─── THE DATA

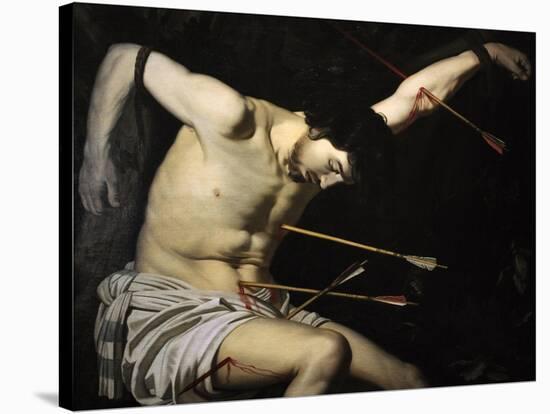 Saint Sebastian, Ca. 1623-Gerrit van Honthorst-Stretched Canvas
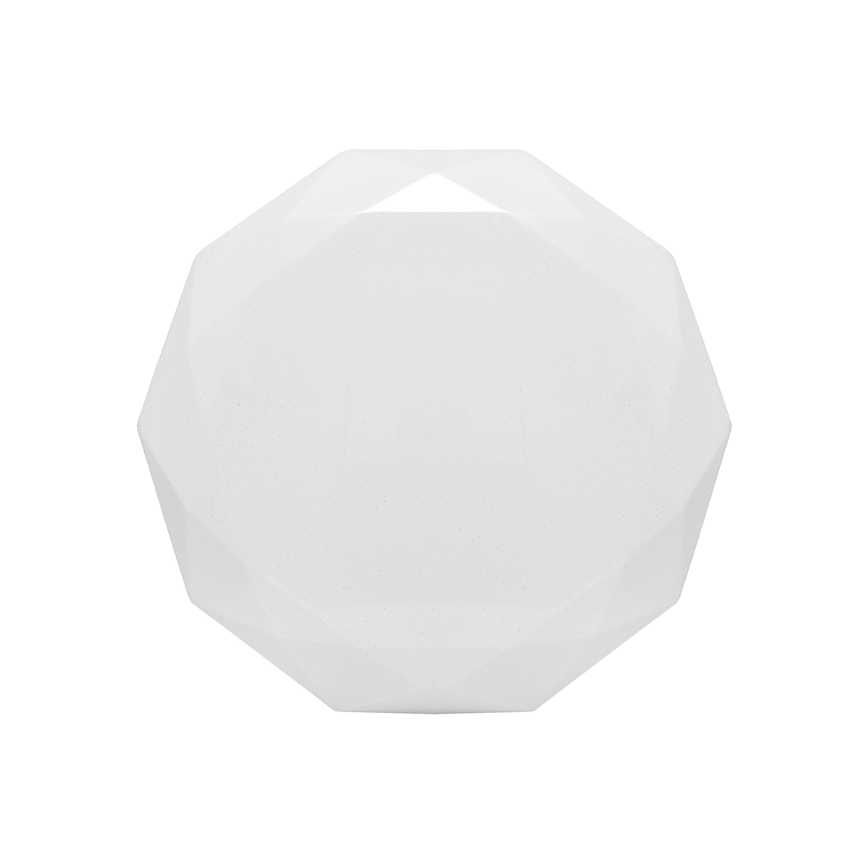 Plafoniera LED dimmerabile DIAMANT LED/25W/230V + telecomando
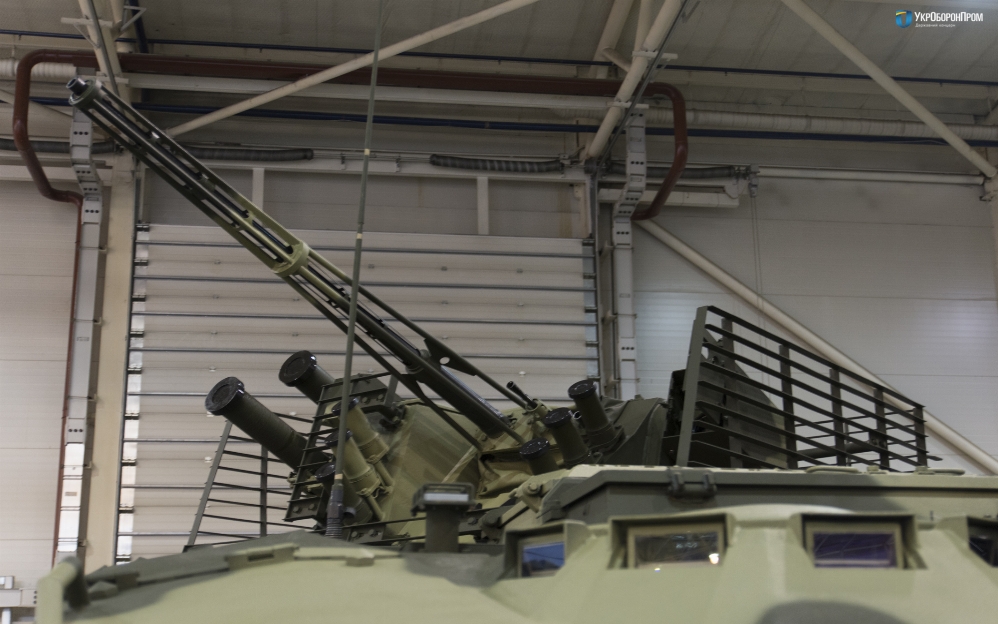 БТР-4МВ1 – посилений захист за стандартом НАТО та досвід АТО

──────

» **WHAT TO DO**
Set the listing down again exactly, skipping each picture.

» **ANSWER BOX**
 Saint Sebastian, Ca. 1623-Gerrit van Honthorst-Stretched Canvas
 Plafoniera LED dimmerabile DIAMANT LED/25W/230V + telecomando
 БТР-4МВ1 – посилений захист за стандартом НАТО та досвід АТО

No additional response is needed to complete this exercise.